====== AVAILABLE RECORDS ======

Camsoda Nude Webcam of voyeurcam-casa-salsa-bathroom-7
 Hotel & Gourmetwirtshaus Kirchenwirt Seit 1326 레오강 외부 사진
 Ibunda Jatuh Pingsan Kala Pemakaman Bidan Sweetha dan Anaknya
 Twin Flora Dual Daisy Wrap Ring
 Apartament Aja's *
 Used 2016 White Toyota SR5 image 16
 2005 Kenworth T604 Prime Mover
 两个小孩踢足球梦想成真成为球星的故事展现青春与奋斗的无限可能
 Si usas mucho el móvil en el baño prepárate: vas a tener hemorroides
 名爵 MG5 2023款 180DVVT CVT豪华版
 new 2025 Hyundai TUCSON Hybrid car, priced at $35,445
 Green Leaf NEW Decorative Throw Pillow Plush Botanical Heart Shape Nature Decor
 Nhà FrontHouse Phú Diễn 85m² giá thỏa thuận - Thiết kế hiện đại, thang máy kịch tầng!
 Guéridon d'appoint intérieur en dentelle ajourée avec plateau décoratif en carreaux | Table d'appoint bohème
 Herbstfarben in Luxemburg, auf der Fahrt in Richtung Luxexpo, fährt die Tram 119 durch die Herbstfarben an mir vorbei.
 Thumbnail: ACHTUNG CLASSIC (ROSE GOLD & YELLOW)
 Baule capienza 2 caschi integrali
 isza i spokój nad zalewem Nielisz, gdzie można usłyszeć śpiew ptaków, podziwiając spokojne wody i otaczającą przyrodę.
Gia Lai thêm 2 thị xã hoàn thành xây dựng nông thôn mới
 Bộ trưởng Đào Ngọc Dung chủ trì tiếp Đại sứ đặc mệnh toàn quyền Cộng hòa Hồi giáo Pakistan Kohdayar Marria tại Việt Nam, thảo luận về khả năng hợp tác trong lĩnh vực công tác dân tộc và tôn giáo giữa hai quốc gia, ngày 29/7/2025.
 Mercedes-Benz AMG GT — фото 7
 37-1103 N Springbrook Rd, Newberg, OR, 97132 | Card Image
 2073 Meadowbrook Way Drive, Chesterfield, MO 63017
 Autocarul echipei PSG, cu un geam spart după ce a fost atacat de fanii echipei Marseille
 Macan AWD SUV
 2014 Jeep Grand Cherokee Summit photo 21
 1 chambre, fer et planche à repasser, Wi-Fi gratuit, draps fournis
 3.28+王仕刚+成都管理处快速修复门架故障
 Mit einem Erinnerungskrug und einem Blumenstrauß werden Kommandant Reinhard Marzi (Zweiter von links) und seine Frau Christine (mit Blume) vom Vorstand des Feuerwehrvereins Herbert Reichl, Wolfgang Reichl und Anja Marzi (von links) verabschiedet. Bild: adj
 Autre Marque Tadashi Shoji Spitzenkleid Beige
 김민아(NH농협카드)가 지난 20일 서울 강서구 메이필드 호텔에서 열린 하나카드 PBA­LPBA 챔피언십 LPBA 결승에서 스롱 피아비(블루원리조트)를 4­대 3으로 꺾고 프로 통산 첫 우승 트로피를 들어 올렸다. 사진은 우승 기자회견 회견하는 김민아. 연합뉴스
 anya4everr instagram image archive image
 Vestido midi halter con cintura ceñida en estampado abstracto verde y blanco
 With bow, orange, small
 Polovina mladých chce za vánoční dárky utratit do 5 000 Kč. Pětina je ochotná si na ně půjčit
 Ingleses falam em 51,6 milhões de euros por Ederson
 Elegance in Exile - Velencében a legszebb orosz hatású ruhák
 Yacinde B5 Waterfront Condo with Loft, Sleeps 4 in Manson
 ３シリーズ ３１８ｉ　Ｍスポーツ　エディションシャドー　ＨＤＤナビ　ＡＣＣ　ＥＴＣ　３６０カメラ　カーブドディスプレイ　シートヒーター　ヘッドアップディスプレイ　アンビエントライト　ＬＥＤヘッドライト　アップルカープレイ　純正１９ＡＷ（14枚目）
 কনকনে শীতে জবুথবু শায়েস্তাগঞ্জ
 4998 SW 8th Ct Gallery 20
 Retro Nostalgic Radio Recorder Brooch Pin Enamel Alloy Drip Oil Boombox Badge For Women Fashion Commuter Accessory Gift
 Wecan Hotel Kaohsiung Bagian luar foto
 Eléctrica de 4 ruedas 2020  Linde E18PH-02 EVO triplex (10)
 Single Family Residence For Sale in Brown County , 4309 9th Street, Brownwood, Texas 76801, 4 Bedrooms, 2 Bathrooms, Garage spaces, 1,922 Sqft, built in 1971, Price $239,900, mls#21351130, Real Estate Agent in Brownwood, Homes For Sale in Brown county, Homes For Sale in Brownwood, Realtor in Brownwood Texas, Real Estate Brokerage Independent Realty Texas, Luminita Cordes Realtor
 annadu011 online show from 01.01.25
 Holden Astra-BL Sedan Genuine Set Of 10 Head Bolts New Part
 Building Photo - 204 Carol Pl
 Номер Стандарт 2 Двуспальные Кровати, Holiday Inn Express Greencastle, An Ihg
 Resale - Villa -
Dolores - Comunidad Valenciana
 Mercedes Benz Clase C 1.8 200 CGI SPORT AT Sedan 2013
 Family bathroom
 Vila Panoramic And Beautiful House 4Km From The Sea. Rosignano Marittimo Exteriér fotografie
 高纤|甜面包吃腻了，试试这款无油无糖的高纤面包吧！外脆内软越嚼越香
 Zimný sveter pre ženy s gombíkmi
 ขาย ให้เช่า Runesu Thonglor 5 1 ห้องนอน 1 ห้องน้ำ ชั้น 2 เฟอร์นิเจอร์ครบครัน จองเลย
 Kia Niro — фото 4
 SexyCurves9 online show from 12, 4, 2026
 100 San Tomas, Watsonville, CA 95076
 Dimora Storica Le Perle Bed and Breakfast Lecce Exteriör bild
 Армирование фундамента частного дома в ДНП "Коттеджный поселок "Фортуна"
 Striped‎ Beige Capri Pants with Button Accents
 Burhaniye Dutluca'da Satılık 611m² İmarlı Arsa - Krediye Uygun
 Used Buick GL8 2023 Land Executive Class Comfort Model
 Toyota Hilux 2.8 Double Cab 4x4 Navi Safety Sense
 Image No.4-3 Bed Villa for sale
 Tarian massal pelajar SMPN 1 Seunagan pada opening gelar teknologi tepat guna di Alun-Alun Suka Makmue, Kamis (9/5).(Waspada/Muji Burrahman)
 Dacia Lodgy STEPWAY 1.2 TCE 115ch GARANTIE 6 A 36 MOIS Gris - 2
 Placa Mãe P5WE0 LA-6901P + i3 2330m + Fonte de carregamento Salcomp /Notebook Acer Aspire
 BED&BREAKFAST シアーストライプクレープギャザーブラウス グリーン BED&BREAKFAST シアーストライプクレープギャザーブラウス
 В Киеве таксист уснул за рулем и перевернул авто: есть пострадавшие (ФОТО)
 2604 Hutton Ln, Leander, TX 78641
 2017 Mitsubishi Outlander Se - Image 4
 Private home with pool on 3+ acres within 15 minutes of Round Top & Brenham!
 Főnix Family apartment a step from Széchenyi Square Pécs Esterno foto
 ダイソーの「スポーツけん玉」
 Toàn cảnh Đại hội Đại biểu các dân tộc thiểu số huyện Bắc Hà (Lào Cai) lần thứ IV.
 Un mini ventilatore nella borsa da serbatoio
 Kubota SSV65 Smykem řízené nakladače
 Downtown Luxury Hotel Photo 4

======

Please print the material above exactly as it appears, from its first line through the line containing "Autre Marque Tadashi", inclusive, and stop there.

Camsoda Nude Webcam of voyeurcam-casa-salsa-bathroom-7
 Hotel & Gourmetwirtshaus Kirchenwirt Seit 1326 레오강 외부 사진
 Ibunda Jatuh Pingsan Kala Pemakaman Bidan Sweetha dan Anaknya
 Twin Flora Dual Daisy Wrap Ring
 Apartament Aja's *
 Used 2016 White Toyota SR5 image 16
 2005 Kenworth T604 Prime Mover
 两个小孩踢足球梦想成真成为球星的故事展现青春与奋斗的无限可能
 Si usas mucho el móvil en el baño prepárate: vas a tener hemorroides
 名爵 MG5 2023款 180DVVT CVT豪华版
 new 2025 Hyundai TUCSON Hybrid car, priced at $35,445
 Green Leaf NEW Decorative Throw Pillow Plush Botanical Heart Shape Nature Decor
 Nhà FrontHouse Phú Diễn 85m² giá thỏa thuận - Thiết kế hiện đại, thang máy kịch tầng!
 Guéridon d'appoint intérieur en dentelle ajourée avec plateau décoratif en carreaux | Table d'appoint bohème
 Herbstfarben in Luxemburg, auf der Fahrt in Richtung Luxexpo, fährt die Tram 119 durch die Herbstfarben an mir vorbei.
 Thumbnail: ACHTUNG CLASSIC (ROSE GOLD & YELLOW)
 Baule capienza 2 caschi integrali
 isza i spokój nad zalewem Nielisz, gdzie można usłyszeć śpiew ptaków, podziwiając spokojne wody i otaczającą przyrodę.
Gia Lai thêm 2 thị xã hoàn thành xây dựng nông thôn mới
 Bộ trưởng Đào Ngọc Dung chủ trì tiếp Đại sứ đặc mệnh toàn quyền Cộng hòa Hồi giáo Pakistan Kohdayar Marria tại Việt Nam, thảo luận về khả năng hợp tác trong lĩnh vực công tác dân tộc và tôn giáo giữa hai quốc gia, ngày 29/7/2025.
 Mercedes-Benz AMG GT — фото 7
 37-1103 N Springbrook Rd, Newberg, OR, 97132 | Card Image
 2073 Meadowbrook Way Drive, Chesterfield, MO 63017
 Autocarul echipei PSG, cu un geam spart după ce a fost atacat de fanii echipei Marseille
 Macan AWD SUV
 2014 Jeep Grand Cherokee Summit photo 21
 1 chambre, fer et planche à repasser, Wi-Fi gratuit, draps fournis
 3.28+王仕刚+成都管理处快速修复门架故障
 Mit einem Erinnerungskrug und einem Blumenstrauß werden Kommandant Reinhard Marzi (Zweiter von links) und seine Frau Christine (mit Blume) vom Vorstand des Feuerwehrvereins Herbert Reichl, Wolfgang Reichl und Anja Marzi (von links) verabschiedet. Bild: adj
 Autre Marque Tadashi Shoji Spitzenkleid Beige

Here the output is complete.